The Debt Respite Scheme (Breathing Space Moratorium and Mental Health Crisis Moratorium) (England and Wales) Regulations 2020 came into force on 4 May 2021. As the title suggests, this new Breathing Space scheme only applies in England and Wales to individuals living or usually resident there. As creditors navigate their way through the provisions of the new scheme south of the border, the nearest equivalent provisions applicable in Scotland and some of the similarities and differences with the position in the rest of the UK are worth a quick re-cap.

England and Wales: Debt Respite Scheme (Breathing Space)

In brief broad terms, the Debt Respite Scheme (Breathing Space) in England and Wales is a government scheme requiring creditors to allow a period of time for a person to deal with their debts, free from creditor contact and enforcement action. It provides two types of breathing space, a standard breathing space and a mental health crisis breathing space. A standard breathing space is available to anyone with problem debt. It gives them legal protections from creditor action for up to 60 days. The protections include pausing most enforcement action and creditor contact and freezing most interest and charges on their debts. There is a requirement to seek advice from a debt advisor. A mental health crisis breathing space is only available to someone who is receiving mental health crisis treatment and it has enhanced protections. It lasts as long as the person's mental health crisis treatment, plus 30 days (no matter how long the crisis treatment lasts). There is provision for creditors to be notified of a breathing space. The specific details of the scheme are out with the scope of this piece but can be found in the Regulations  and further information in government guidance for creditors 

What about Scotland: Moratorium on Diligence

In Scotland it has been possible since 2015 for individuals and certain other entities (partnerships and some other types of business) to seek what is known as a "Moratorium on Diligence". Diligence is just another word for enforcement in Scotland and the current moratorium provisions are set out in sections 195-198 of the Bankruptcy (Scotland) Act 2016. In summary:

• if a moratorium is granted it will last for a period of 6 weeks (42 days) during which applicants are protected from creditor enforcement of debt. The six week/42 day period is currently temporarily extended to 6 months as a result of Covid-19.

• the moratorium is a period during which the statutory debt solutions of sequestration (bankruptcy), trust deed (similar to an IVA) or a Debt Payment Programme (DPP) under the Debt arrangement Scheme (DAS) can be explored and considered by the individual or eligible entity.

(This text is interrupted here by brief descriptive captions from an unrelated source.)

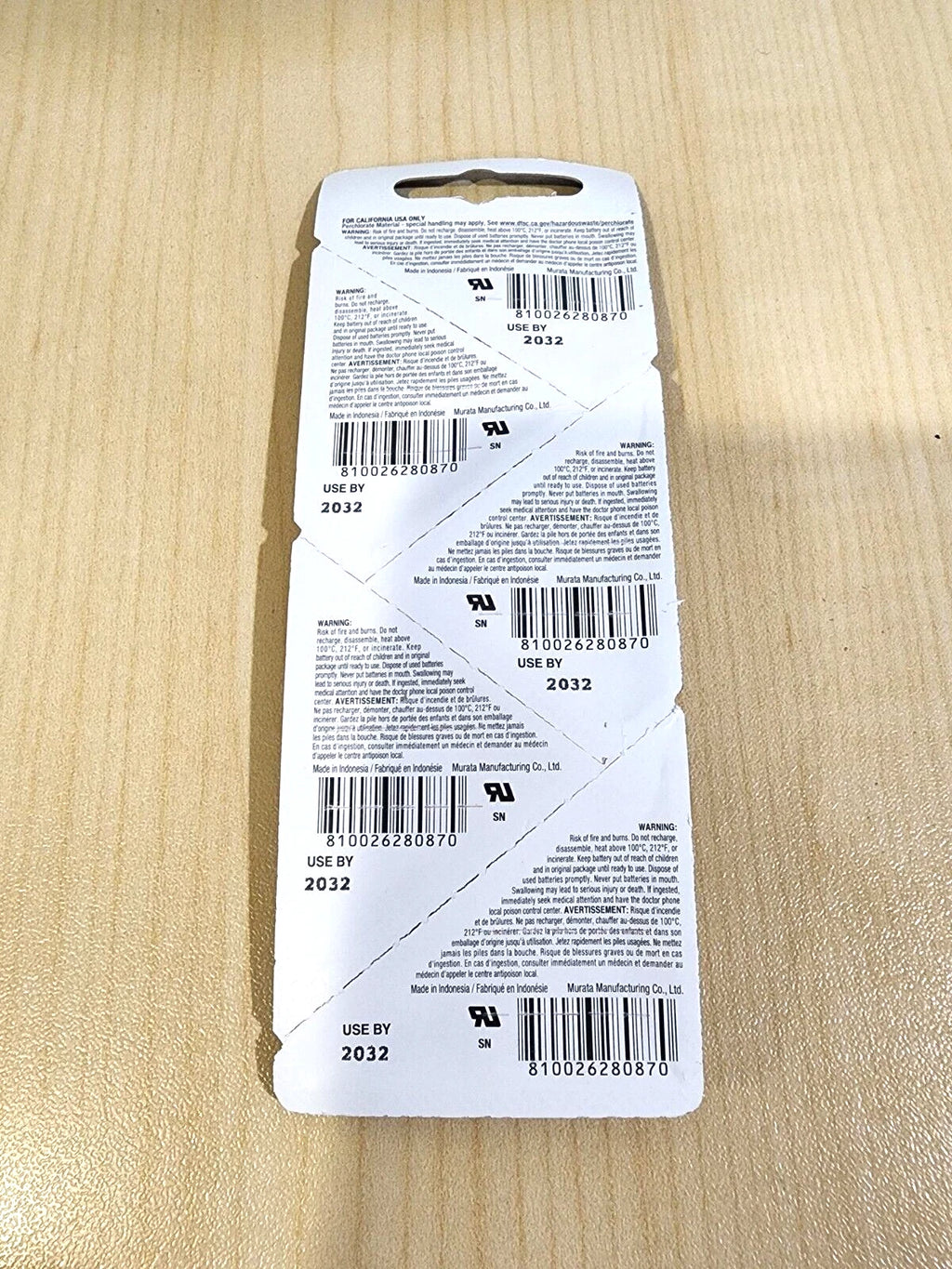1 pc Murata/Sony CR2430 Battery 3V Lithium Coin Cell 300mAh Expire 2032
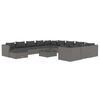 vidaXL 13-delige Loungeset met kussens poly rattan grijs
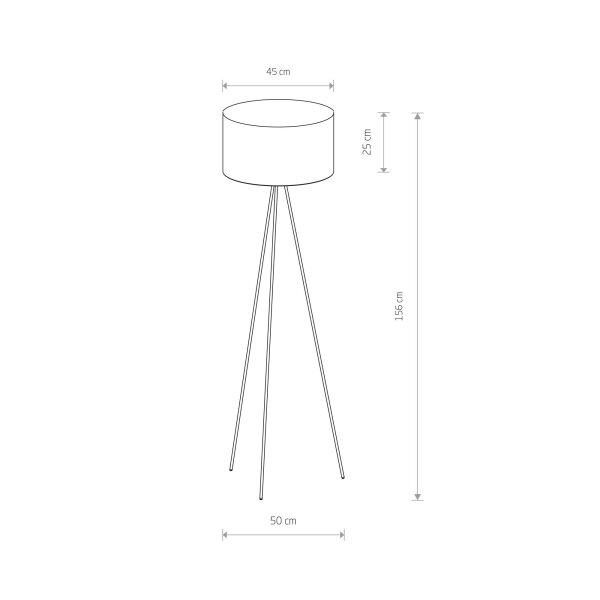 Tripod Stehleuchte Weiß E27 156 cm Metall Stoff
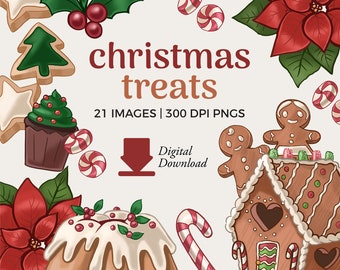 Christmas Treats Clipart: Gingerbread men, Yule Log, & Peppermint Candy Illustrations (PNG Files, Digital Download)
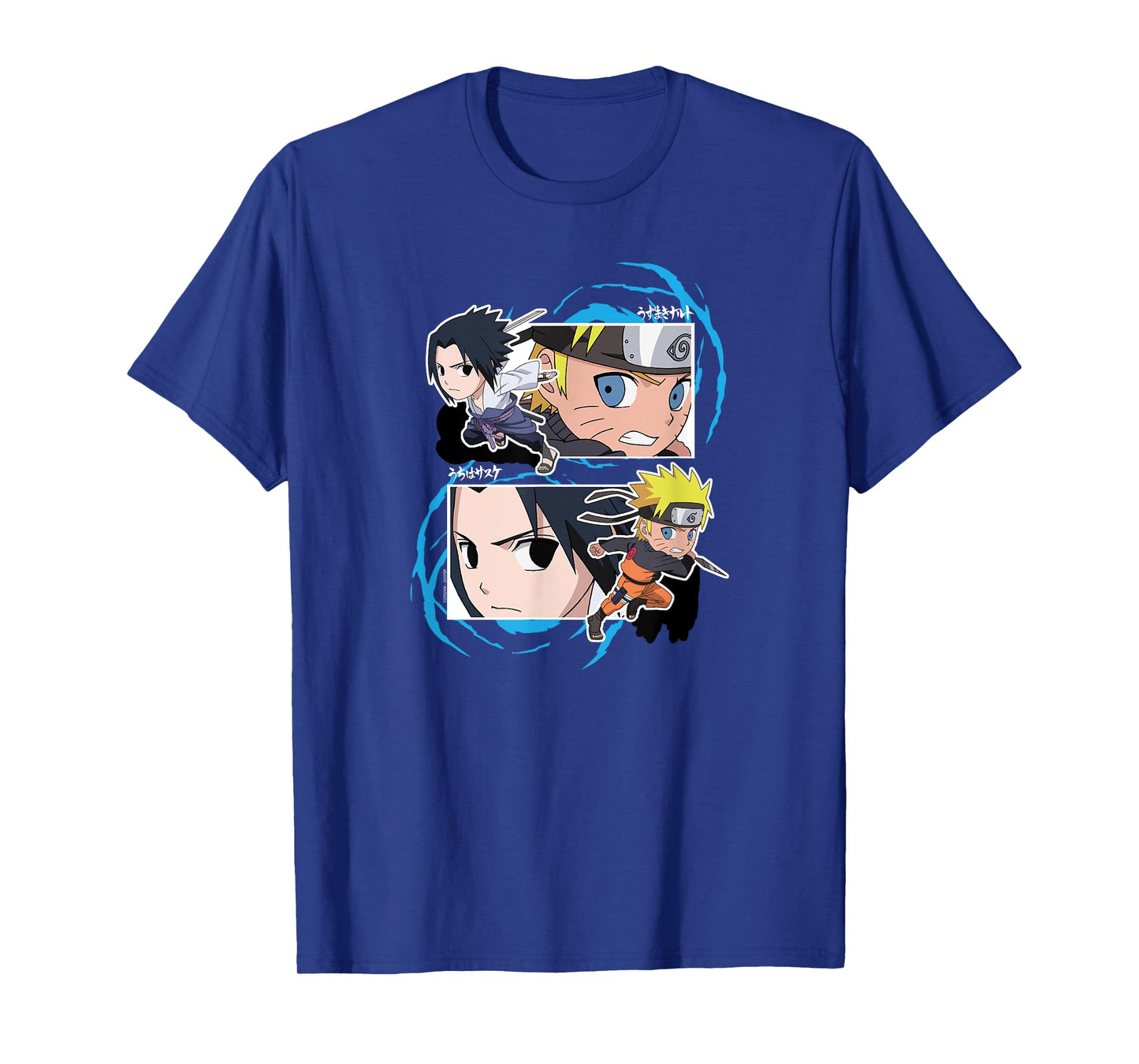 Naruto and Sasuke SD Fight Frames Anime T-Shirt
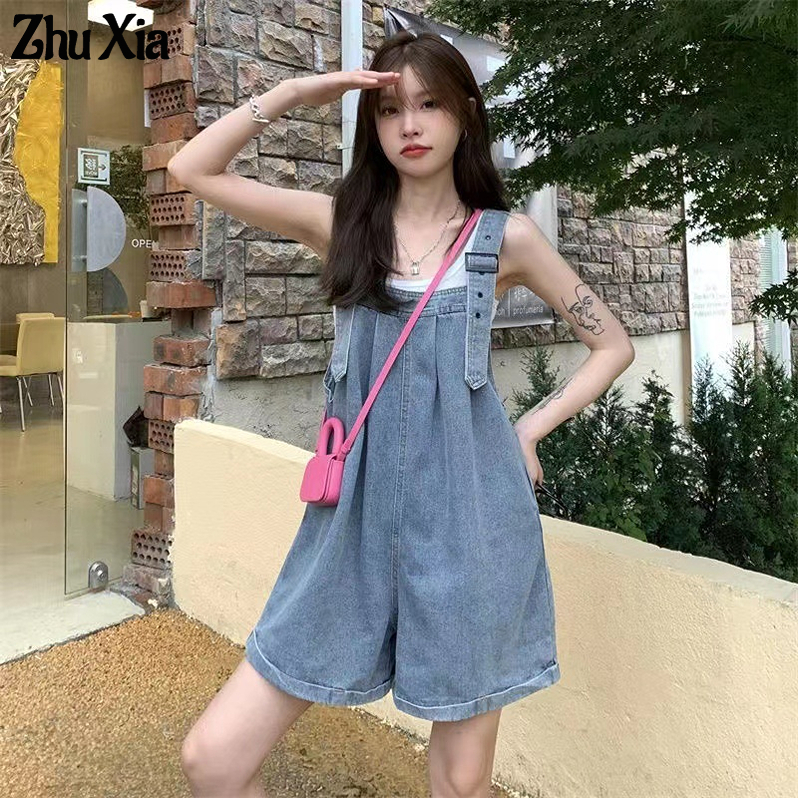 ZhuXia Quần Yếm Jeans Ngắn Ống Rộng plus size Cho Nữ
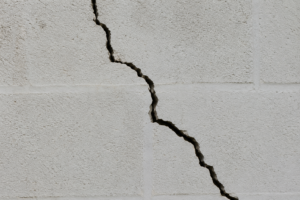 Cracked brick indicating possible foundation movement
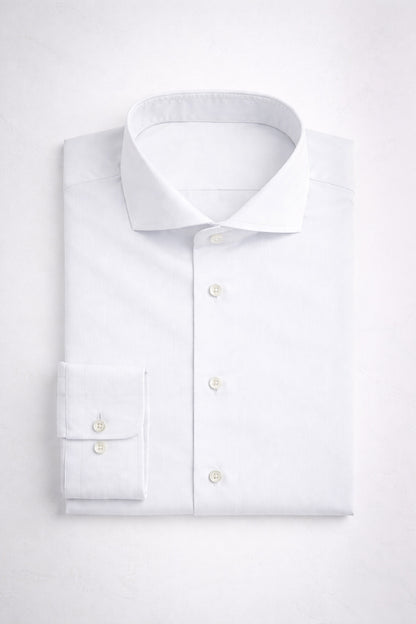 Weißes Herringbone-Hemd für Herren im eleganten Business-Look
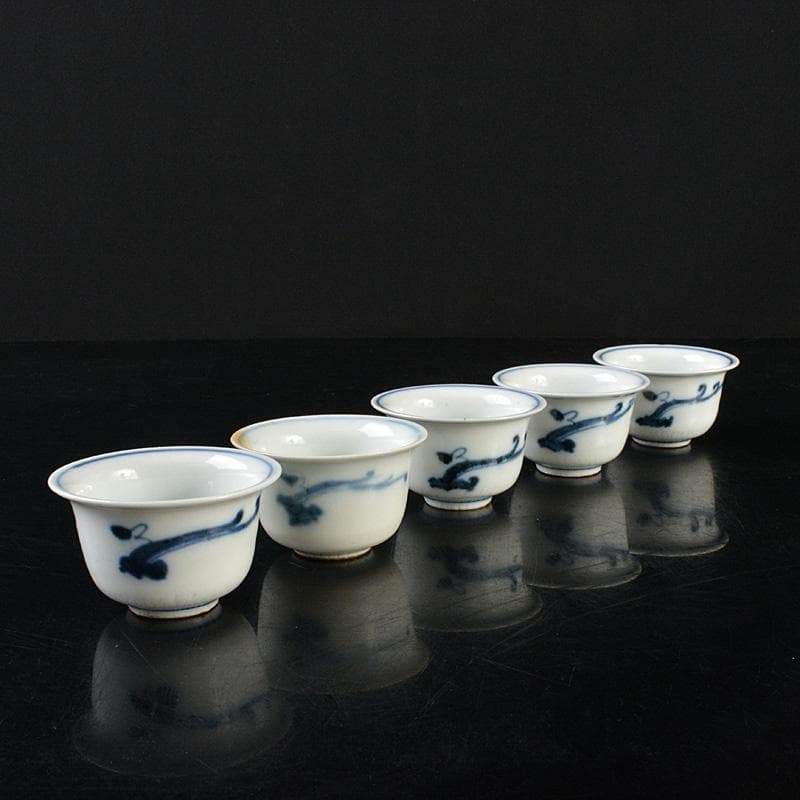 煎茶道具　伊万里焼　古伊万里染付蔦文　煎茶器　五客　V　R6093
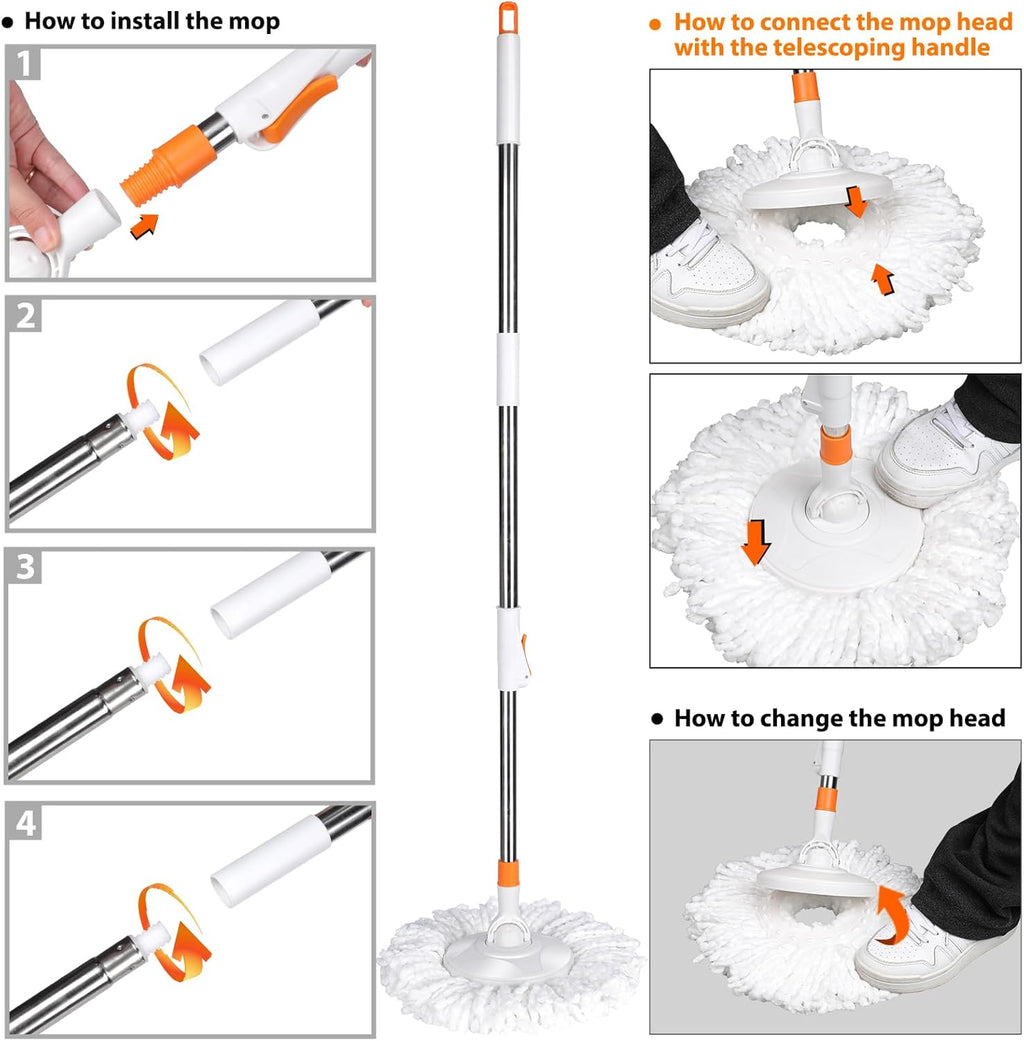Spin Mop & Bucket with Wringer Set, 7 Microfiber Mop Refills, 57" Extended Handle J71671
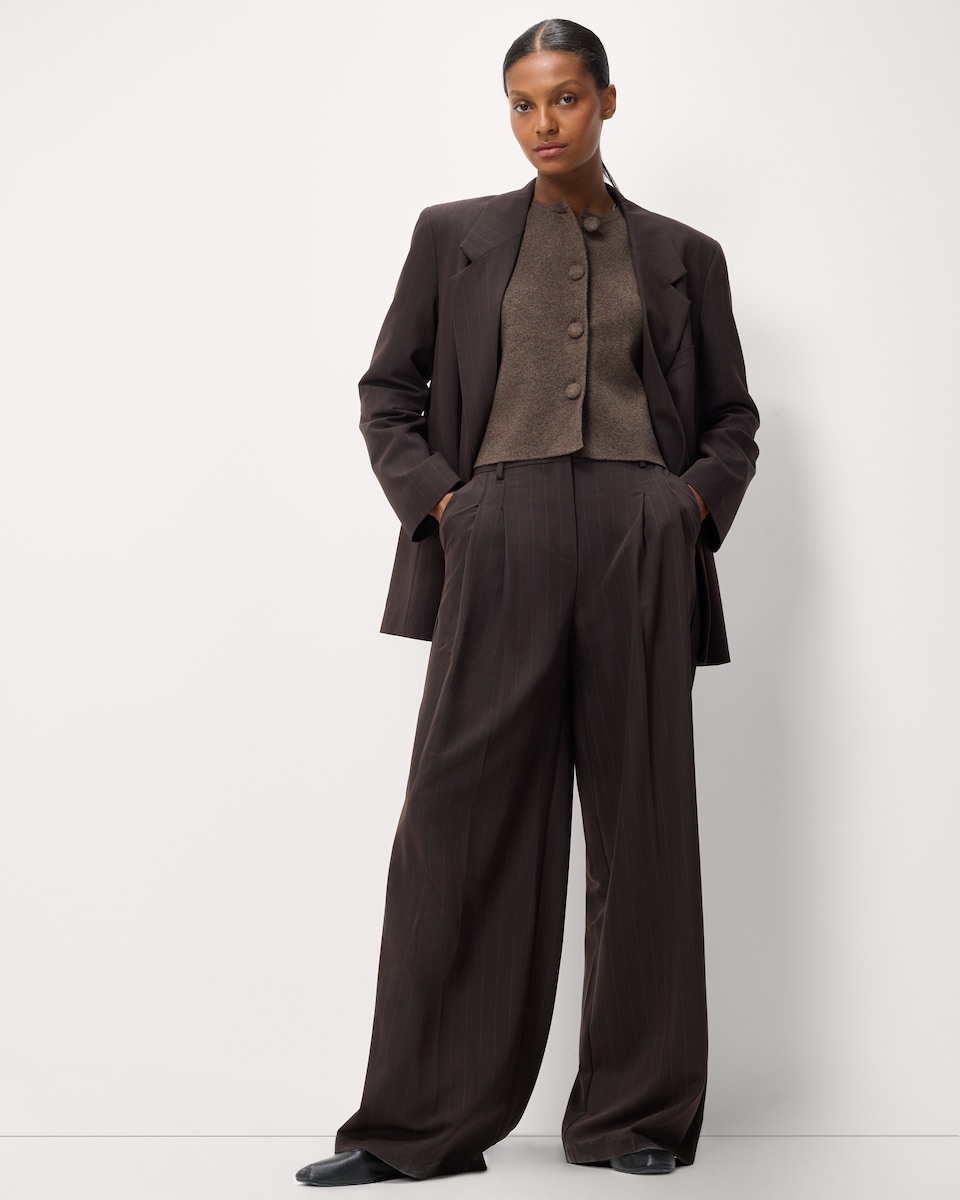 image 1 of F&F Pinstripe Pleated Wide Leg Trousers in Multi Brown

• ordinarily a moratorium can only be granted once in any twelve-month period. As a result of Covid-19 this restriction has been temporarily removed.

• an individual or eligible entity can make an application for a moratorium to the Accountant in Bankruptcy (AIB) or the application can be made on their behalf via a Money Advisor. There is however no requirement to seek prior debt advice or to engage assistance from a Money Advisor in connection with the moratorium process in Scotland.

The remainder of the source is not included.